Your assignment:
The entire listing below is to be written out exactly, minus the pictures.

Supplied material:
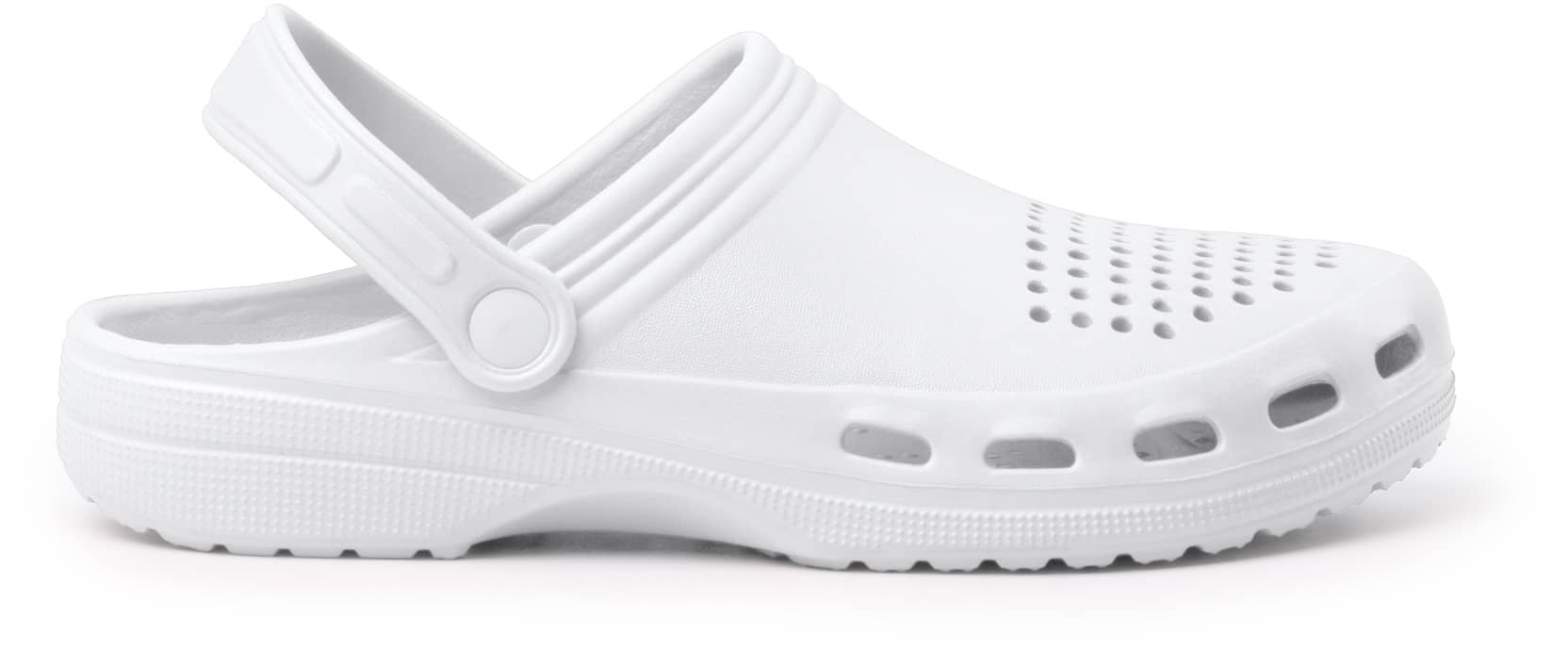 Dan Sanitary Flat Shoe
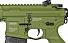 Автомат G&G GC16 Predator Hunter Green 130-140m/s EGC-PTR-HTG-GNB-NCM фото, описание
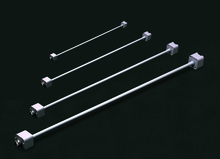 CAL Lighting HT-288-WH - 18in Extension Rod (3 Wire)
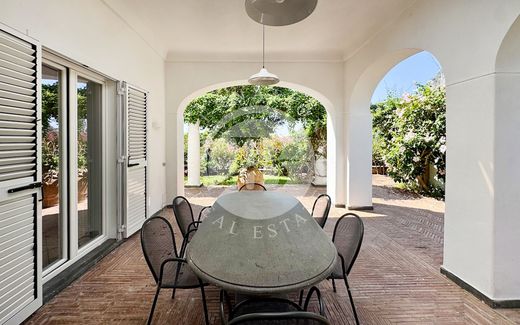 Villa in Capri, Naples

Answer area:
 Dan Sanitary Flat Shoe
 Автомат G&G GC16 Predator Hunter Green 130-140m/s EGC-PTR-HTG-GNB-NCM фото, описание
 CAL Lighting HT-288-WH - 18in Extension Rod (3 Wire)
 Villa in Capri, Naples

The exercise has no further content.